Trauma and elusive justice
Reporting abuse remains a major challenge. Survivors often face fear, family pressure, and dismissive authorities.
Ivy ( not her real name), a schoolgirl at the time of her abuse, recalled: “After everything, I went to the police, hoping for justice, but they told me I had to pay Sh 8,000 (USD $62) if I wanted them to track down the two men. I’d already lost so much that day, and now it felt like I was being punished again.
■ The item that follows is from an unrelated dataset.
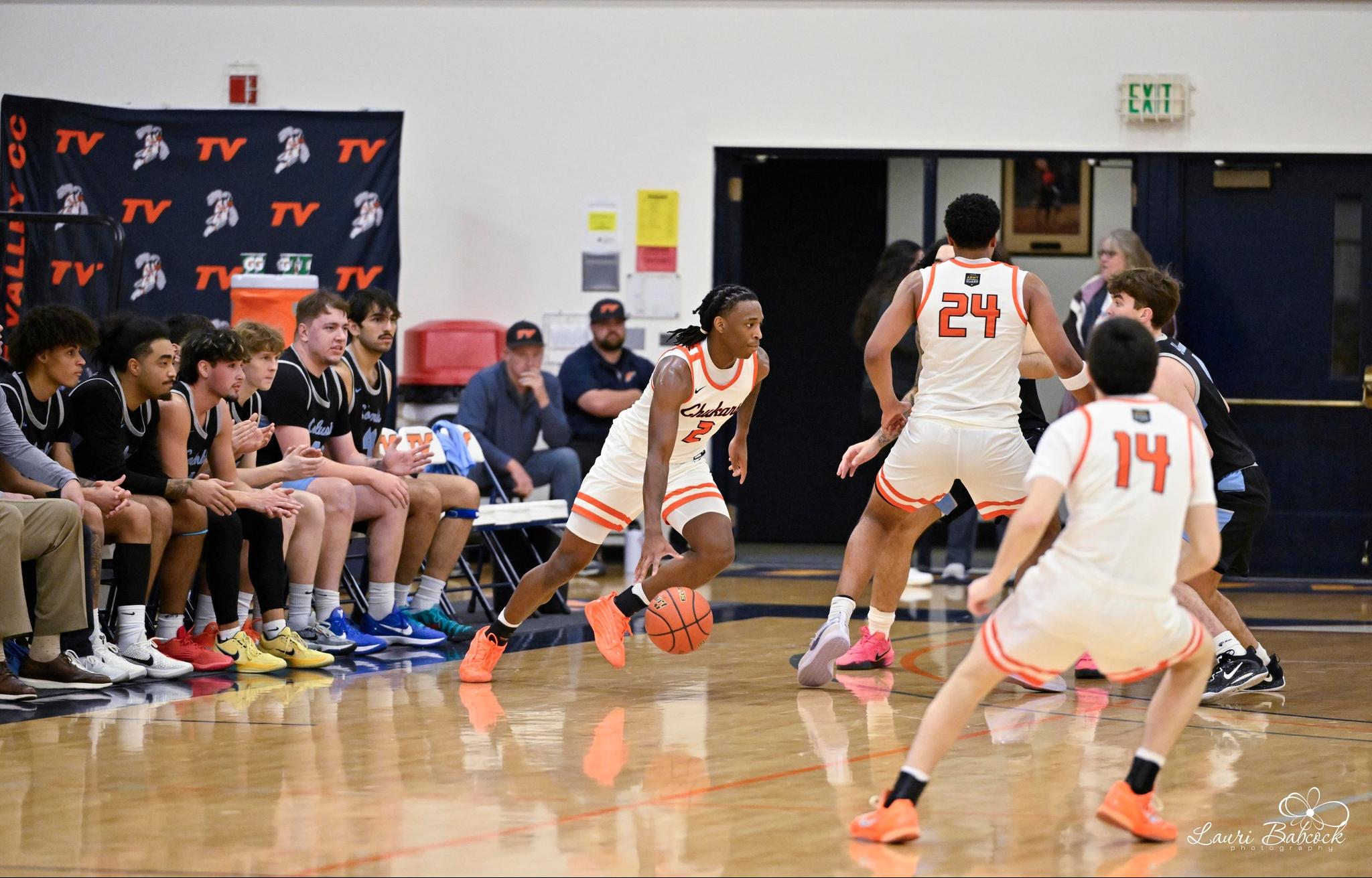 Chukar Men's Basketball Cruises to 5-0 in East Region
The system that was supposed to help me felt like another betrayal.”
Digital tools allow perpetrators to hide evidence, while law enforcement often lacks the technical skills to investigate cyber-related crimes.
The adversarial court system may re-traumatise survivors through repeated questioning, forcing them to face abusers, and prioritising evidence over wellbeing.
Corruption further undermines confidence in the justice system, and free legal aid is often essential for survivors to pursue their cases effectively.
Kenya has enacted laws such as the Sexual Offences Act (2006), Counter-Trafficking in Persons Act (2010), and Computer Misuse and Cybercrimes Act (2018), along with the 2024 amendment.
The country has also ratified regional and international treaties, including the Maputo and Palermo Protocols.
Despite these measures, enforcement is weak, laws lag behind technological advances like AI and deepfakes, and online harms remain poorly defined.
Experts stress the need for survivor-focused reforms, better coordination between justice, health, and psychosocial services, and trauma-informed approaches.
Stronger regional cooperation, including ratifying the Malabo Convention on Cybersecurity and Personal Data Protection, can enhance cross-border investigations, corporate accountability, and protection for women and girls.